Si les différentes agences spatiales étudient la question, ce sont surtout les auteurs de science-fiction qui développent le mieux les idées fondamentales pour un projet qui consiste à amener un homme sur Mars. On doit à plusieurs auteurs de hard-science une vision réaliste de ce que sera cette mission. On compte parmi ces auteurs, Arthur C. Clarke, Kim Stanley Robinson, Ben Bova et Stephen Baxter.

Arthur C. Clarke, dans son livre Les sables de Mars nous montre une des premières colonies installées. Sur Mars. Un journaliste est envoyé pour y relater le quotidien des explorateurs. Il découvre une colonie martienne où l’amabilité n’est que façade. En fait, il est l’intrus et est toléré par les colons. Lors d’une exploration, il va découvrir l’existence de martiens, sorte de petits kangourous à l’intelligence similaire.
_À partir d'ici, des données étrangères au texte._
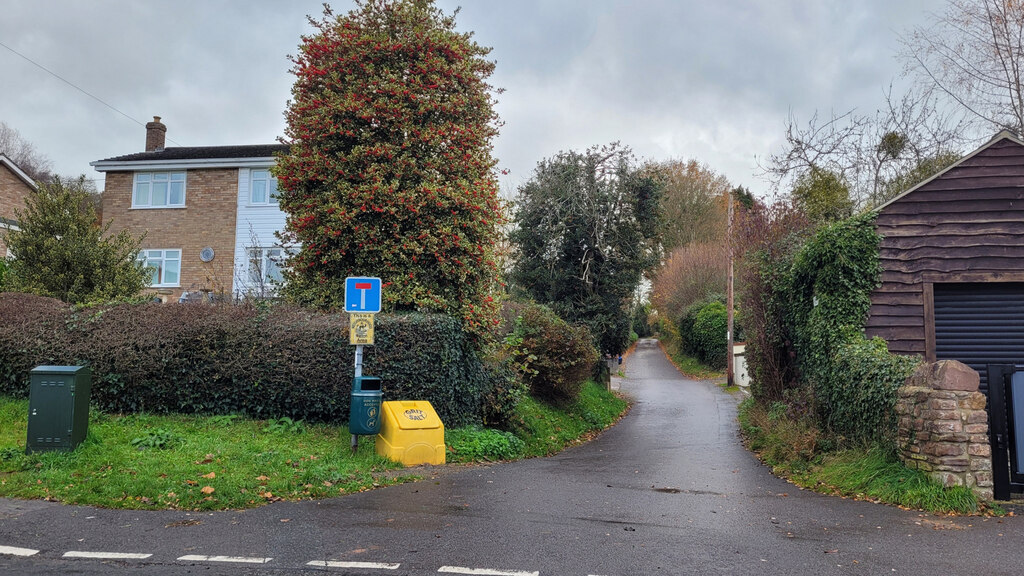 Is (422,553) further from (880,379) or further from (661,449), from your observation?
(661,449)

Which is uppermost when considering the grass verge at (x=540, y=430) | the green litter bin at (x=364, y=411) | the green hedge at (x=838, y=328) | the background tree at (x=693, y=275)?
the background tree at (x=693, y=275)

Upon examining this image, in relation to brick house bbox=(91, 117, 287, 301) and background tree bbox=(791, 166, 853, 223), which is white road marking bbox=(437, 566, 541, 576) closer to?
background tree bbox=(791, 166, 853, 223)

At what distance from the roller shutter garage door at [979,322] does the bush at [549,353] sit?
7.85 m

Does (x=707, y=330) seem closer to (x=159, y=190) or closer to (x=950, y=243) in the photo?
(x=950, y=243)

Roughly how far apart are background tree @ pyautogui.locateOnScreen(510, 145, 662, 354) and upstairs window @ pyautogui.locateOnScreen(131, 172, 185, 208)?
1254 centimetres

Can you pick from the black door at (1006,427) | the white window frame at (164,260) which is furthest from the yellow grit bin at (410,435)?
the white window frame at (164,260)

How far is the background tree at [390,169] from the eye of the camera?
1222 cm

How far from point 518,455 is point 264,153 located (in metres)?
18.9

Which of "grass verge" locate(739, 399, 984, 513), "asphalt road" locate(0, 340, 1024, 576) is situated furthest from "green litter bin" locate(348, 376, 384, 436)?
"grass verge" locate(739, 399, 984, 513)

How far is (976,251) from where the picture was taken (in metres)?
12.0

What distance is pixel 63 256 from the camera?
619 inches

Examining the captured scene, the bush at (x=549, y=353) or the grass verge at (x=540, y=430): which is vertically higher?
the bush at (x=549, y=353)

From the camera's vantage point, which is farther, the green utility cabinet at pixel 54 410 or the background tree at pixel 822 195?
the background tree at pixel 822 195

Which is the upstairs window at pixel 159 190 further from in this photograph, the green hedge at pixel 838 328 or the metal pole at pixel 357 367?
the green hedge at pixel 838 328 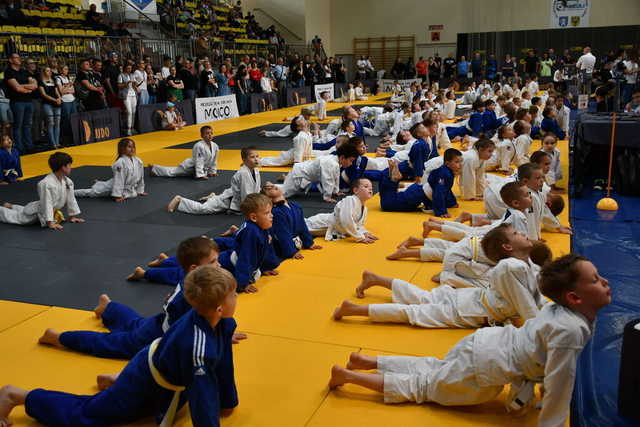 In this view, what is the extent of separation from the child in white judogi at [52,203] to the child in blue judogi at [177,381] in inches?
192

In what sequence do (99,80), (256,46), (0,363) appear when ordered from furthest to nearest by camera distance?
(256,46) < (99,80) < (0,363)

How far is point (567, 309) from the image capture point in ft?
10.6

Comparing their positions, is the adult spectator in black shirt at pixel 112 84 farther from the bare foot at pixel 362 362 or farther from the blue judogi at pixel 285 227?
the bare foot at pixel 362 362

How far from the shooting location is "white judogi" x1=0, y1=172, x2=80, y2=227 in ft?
26.5

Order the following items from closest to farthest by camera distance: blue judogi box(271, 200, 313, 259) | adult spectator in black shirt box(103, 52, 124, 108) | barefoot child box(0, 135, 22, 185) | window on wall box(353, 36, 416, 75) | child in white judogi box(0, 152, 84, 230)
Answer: blue judogi box(271, 200, 313, 259)
child in white judogi box(0, 152, 84, 230)
barefoot child box(0, 135, 22, 185)
adult spectator in black shirt box(103, 52, 124, 108)
window on wall box(353, 36, 416, 75)

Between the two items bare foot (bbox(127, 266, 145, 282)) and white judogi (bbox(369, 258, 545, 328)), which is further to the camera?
bare foot (bbox(127, 266, 145, 282))

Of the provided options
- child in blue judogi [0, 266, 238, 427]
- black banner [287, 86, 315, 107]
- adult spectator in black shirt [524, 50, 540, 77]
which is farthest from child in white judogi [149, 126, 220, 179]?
adult spectator in black shirt [524, 50, 540, 77]

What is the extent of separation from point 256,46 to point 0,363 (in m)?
29.5

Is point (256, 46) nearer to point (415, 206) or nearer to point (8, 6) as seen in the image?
point (8, 6)

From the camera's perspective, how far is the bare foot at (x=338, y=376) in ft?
13.0

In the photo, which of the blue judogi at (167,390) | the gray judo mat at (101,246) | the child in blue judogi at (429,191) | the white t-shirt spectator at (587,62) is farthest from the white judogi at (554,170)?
the white t-shirt spectator at (587,62)

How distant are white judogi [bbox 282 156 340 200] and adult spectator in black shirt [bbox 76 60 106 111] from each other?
8850 mm

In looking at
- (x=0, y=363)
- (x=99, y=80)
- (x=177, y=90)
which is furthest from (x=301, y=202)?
(x=177, y=90)

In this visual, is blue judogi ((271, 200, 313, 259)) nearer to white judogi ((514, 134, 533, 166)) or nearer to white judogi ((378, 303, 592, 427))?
white judogi ((378, 303, 592, 427)) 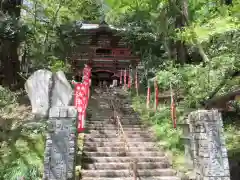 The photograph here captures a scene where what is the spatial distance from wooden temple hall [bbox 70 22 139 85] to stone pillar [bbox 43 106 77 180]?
17166 mm

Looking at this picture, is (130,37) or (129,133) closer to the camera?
(129,133)

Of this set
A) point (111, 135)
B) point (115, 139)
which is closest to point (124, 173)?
point (115, 139)

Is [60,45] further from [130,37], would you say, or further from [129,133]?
[129,133]

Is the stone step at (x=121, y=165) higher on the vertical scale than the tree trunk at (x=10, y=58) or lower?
lower

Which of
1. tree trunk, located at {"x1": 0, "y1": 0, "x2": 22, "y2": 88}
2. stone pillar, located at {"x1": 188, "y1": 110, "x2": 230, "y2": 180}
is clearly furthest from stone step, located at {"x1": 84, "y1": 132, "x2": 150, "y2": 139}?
tree trunk, located at {"x1": 0, "y1": 0, "x2": 22, "y2": 88}

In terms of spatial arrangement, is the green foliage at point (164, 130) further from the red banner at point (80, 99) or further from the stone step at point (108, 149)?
the red banner at point (80, 99)

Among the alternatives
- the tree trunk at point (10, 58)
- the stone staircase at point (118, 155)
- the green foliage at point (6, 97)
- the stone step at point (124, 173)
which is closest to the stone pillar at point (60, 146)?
the stone step at point (124, 173)

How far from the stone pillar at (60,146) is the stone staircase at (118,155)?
4.09ft

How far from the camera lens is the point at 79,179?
26.0ft

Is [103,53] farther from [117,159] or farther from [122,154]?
[117,159]

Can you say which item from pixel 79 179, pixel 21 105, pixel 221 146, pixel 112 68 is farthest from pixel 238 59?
pixel 112 68

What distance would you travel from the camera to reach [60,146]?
712 cm

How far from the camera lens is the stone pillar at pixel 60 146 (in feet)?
23.0

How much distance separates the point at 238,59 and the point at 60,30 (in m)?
13.9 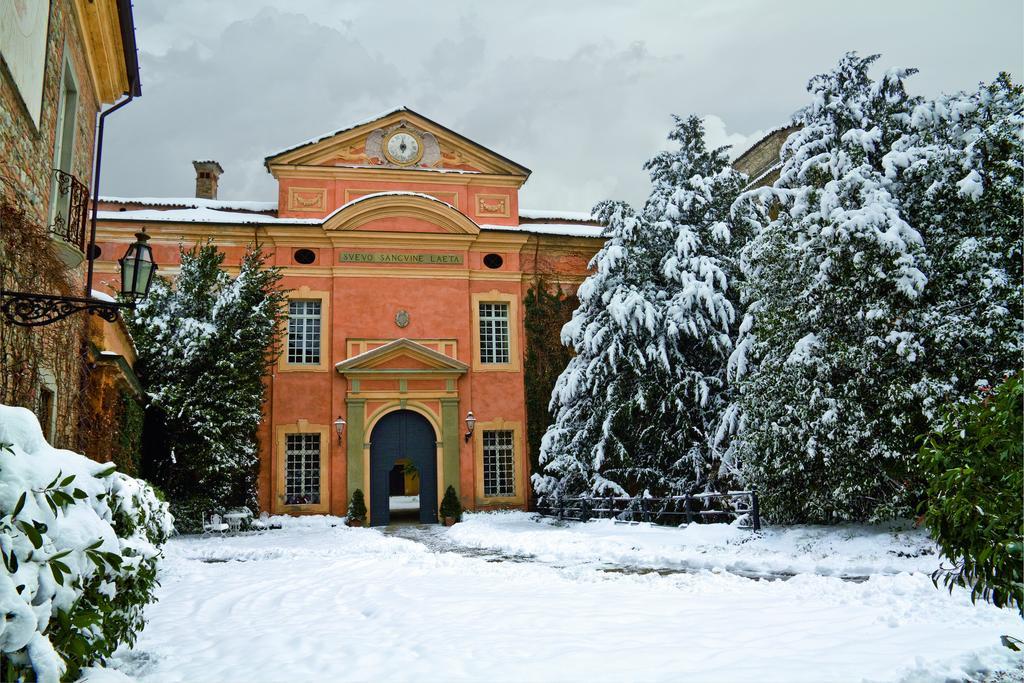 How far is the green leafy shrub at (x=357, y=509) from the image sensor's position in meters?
21.4

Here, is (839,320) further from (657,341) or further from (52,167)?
(52,167)

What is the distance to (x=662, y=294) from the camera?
19.6m

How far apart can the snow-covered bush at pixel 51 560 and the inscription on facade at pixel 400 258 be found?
19.3 m

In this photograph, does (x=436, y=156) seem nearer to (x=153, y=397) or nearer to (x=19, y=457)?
(x=153, y=397)

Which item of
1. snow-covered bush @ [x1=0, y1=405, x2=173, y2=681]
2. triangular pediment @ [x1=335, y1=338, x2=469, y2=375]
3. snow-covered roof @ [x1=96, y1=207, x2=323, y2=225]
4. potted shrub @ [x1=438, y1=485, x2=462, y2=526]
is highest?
snow-covered roof @ [x1=96, y1=207, x2=323, y2=225]

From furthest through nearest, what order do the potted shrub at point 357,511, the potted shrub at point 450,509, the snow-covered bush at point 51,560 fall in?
the potted shrub at point 450,509 → the potted shrub at point 357,511 → the snow-covered bush at point 51,560

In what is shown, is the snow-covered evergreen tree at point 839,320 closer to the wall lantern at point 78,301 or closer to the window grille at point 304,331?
the wall lantern at point 78,301

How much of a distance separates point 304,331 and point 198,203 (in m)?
5.57

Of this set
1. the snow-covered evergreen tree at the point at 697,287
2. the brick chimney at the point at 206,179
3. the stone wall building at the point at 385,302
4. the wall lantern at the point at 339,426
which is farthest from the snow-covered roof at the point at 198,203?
the snow-covered evergreen tree at the point at 697,287

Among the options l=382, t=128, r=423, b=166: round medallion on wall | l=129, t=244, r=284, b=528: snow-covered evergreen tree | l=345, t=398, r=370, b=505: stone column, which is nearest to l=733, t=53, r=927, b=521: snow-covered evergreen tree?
l=129, t=244, r=284, b=528: snow-covered evergreen tree

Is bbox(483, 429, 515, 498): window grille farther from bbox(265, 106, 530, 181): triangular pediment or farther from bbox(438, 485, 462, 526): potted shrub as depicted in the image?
bbox(265, 106, 530, 181): triangular pediment

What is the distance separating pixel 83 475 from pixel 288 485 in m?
18.9

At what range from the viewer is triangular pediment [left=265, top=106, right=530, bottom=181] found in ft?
77.3

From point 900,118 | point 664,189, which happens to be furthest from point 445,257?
point 900,118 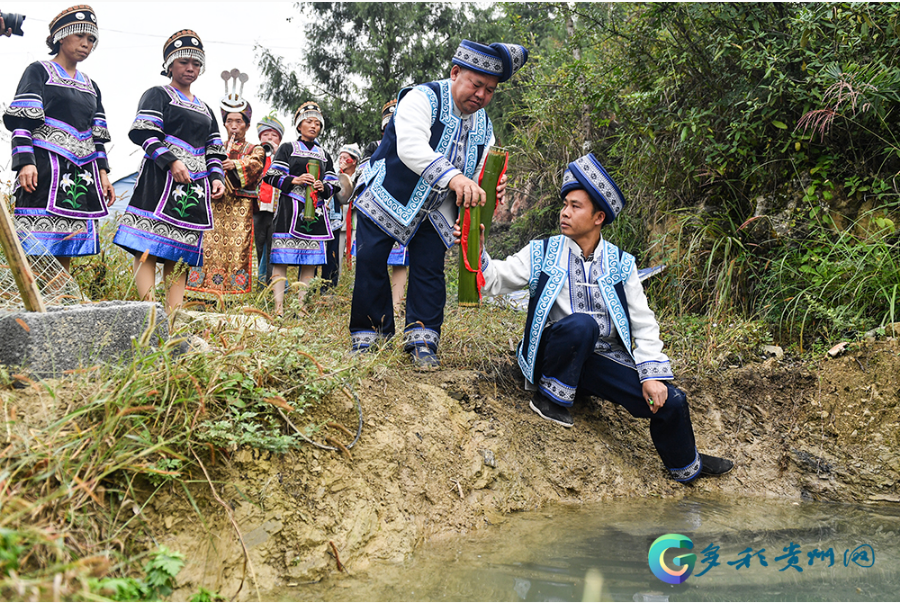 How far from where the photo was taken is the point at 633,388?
3195mm

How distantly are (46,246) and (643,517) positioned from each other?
3.54 meters

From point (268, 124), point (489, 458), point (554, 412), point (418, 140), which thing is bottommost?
point (489, 458)

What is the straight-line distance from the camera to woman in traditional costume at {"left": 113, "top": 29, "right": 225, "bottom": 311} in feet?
12.3

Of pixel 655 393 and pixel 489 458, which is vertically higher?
pixel 655 393

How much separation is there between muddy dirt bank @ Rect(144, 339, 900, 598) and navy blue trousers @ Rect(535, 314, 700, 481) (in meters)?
0.18

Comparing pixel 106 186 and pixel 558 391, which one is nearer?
pixel 558 391

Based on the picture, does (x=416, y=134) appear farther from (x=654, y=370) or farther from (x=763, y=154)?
(x=763, y=154)

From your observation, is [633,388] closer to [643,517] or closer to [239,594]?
[643,517]

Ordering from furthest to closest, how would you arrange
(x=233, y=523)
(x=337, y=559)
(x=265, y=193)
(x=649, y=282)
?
1. (x=265, y=193)
2. (x=649, y=282)
3. (x=337, y=559)
4. (x=233, y=523)

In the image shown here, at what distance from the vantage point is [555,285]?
327 cm

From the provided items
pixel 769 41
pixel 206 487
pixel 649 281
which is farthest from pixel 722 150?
pixel 206 487

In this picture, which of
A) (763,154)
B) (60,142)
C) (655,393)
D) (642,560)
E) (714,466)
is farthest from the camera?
(763,154)

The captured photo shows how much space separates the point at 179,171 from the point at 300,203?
187 cm

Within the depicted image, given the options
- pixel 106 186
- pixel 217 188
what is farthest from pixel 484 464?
pixel 106 186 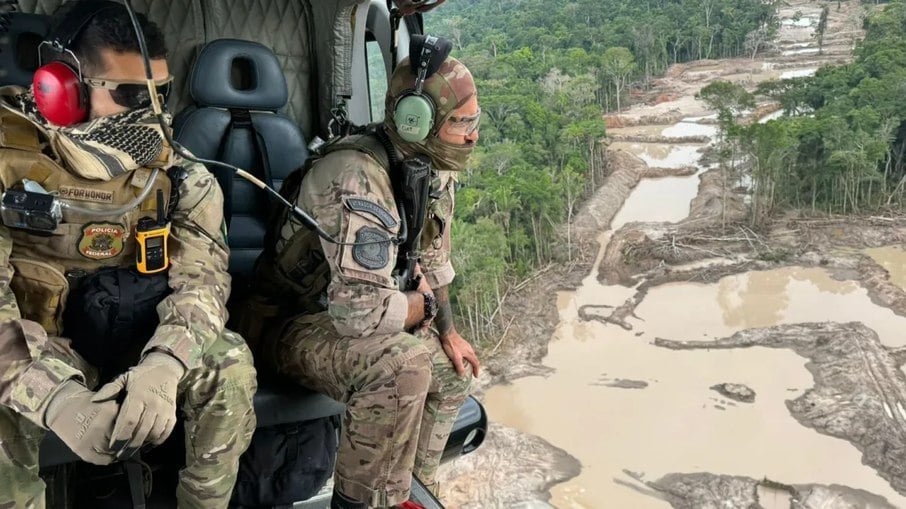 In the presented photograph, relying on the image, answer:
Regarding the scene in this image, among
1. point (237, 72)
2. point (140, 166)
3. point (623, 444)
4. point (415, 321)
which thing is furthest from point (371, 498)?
point (623, 444)

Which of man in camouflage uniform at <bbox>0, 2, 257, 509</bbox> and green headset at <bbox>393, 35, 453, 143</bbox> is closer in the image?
man in camouflage uniform at <bbox>0, 2, 257, 509</bbox>

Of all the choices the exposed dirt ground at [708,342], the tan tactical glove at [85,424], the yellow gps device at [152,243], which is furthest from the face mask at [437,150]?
the exposed dirt ground at [708,342]

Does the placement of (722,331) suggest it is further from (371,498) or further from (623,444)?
(371,498)

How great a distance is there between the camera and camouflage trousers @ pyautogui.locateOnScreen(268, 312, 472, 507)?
141 centimetres

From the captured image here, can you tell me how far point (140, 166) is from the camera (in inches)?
52.5

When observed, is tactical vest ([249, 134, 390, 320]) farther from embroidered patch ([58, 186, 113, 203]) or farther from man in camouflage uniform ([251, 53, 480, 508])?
embroidered patch ([58, 186, 113, 203])

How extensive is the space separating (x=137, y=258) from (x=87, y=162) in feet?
0.60

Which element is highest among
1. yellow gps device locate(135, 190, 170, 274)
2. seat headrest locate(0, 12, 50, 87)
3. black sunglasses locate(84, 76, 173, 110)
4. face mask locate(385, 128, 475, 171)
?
seat headrest locate(0, 12, 50, 87)

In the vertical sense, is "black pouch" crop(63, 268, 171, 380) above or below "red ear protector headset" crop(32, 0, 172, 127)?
below

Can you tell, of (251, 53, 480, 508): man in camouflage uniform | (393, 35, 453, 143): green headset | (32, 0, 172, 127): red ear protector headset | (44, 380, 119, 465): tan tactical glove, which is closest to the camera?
(44, 380, 119, 465): tan tactical glove

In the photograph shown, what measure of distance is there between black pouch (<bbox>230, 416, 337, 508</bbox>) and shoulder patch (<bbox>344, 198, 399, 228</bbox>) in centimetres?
46

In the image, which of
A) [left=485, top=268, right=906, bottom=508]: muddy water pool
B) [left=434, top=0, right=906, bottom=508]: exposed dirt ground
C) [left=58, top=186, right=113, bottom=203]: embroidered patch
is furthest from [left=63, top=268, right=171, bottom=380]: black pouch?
Result: [left=485, top=268, right=906, bottom=508]: muddy water pool

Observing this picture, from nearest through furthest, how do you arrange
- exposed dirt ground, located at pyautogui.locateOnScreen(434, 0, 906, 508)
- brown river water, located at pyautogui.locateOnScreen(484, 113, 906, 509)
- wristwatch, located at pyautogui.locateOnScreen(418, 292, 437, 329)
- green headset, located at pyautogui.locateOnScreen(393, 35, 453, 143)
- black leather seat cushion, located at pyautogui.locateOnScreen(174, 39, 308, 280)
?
green headset, located at pyautogui.locateOnScreen(393, 35, 453, 143) < wristwatch, located at pyautogui.locateOnScreen(418, 292, 437, 329) < black leather seat cushion, located at pyautogui.locateOnScreen(174, 39, 308, 280) < exposed dirt ground, located at pyautogui.locateOnScreen(434, 0, 906, 508) < brown river water, located at pyautogui.locateOnScreen(484, 113, 906, 509)

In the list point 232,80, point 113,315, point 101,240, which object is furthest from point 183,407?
point 232,80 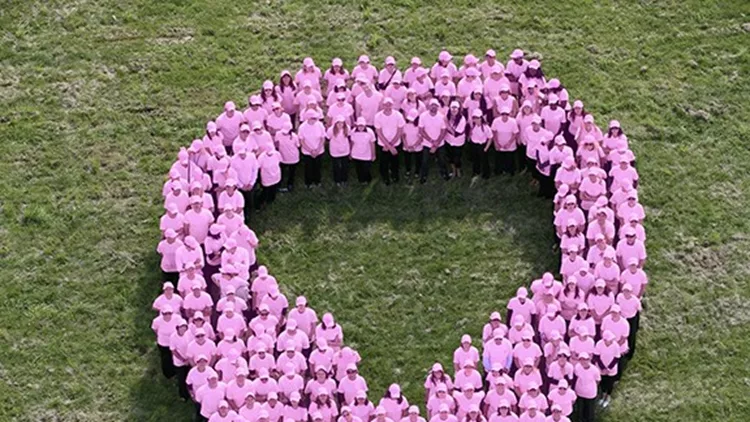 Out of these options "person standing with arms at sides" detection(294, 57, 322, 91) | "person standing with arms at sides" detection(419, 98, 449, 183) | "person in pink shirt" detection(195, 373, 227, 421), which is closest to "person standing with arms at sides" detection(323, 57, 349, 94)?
"person standing with arms at sides" detection(294, 57, 322, 91)

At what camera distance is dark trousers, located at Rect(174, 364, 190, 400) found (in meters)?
19.7

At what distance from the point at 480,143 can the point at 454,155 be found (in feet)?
2.01

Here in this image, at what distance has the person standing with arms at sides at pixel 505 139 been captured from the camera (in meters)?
22.6

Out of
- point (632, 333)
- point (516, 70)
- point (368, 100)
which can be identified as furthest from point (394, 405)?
point (516, 70)

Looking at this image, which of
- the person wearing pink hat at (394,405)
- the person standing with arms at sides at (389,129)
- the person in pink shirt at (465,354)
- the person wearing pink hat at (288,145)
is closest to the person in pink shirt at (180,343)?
the person wearing pink hat at (394,405)

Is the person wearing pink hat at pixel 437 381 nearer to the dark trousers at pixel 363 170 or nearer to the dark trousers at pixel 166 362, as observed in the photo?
the dark trousers at pixel 166 362

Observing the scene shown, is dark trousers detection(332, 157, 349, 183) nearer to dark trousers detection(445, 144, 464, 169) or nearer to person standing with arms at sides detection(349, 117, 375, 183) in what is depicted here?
person standing with arms at sides detection(349, 117, 375, 183)

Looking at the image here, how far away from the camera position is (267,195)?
22.9 meters

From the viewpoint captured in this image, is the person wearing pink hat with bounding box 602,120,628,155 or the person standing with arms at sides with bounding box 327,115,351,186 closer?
the person wearing pink hat with bounding box 602,120,628,155

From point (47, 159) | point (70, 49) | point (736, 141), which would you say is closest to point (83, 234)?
point (47, 159)

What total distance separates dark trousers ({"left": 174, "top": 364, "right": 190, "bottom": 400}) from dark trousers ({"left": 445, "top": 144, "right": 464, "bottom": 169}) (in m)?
6.00

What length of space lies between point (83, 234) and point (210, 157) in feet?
8.67

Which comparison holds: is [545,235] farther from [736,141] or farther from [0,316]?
[0,316]

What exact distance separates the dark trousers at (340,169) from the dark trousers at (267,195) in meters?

L’un d’entre eux va devenir son ami, ce qui rendra le journaliste plus populaire au sein de la colonie. Tandis qu’il participe au travail quotidien de la colonie, on va lui révéler qu’une des lunes est en train d’être adaptée pour devenir soleil artificiel autour de la planète rouge. La colonie veut son indépendance par rapport à la Terre. Le livre Les sables de Mars est le premier du genre. C’est une approche pas trop naïve de la colonisation de Mars, qui date tout de même de 1951.

On retrouve la planète rouge chez Arthur C. Clarke dans Maelstrom, le tome 2 de son cycle Base Vénus. Cycle qui est en fait une concaténation de plusieurs nouvelles de Clarke, adaptées par Paul Preuss. Dans ce livre, après la découverte d’un morceau de métal, vieux de plus d’un milliard d’années, dans les sables de Mars, on retrouve son héroïne Sparta, à la poursuite d’un ami d’enfance. Mars n’est ici qu’un décor parmi d’autres. Car avec ce cycle, Clarke nous fait visiter tout le système solaire.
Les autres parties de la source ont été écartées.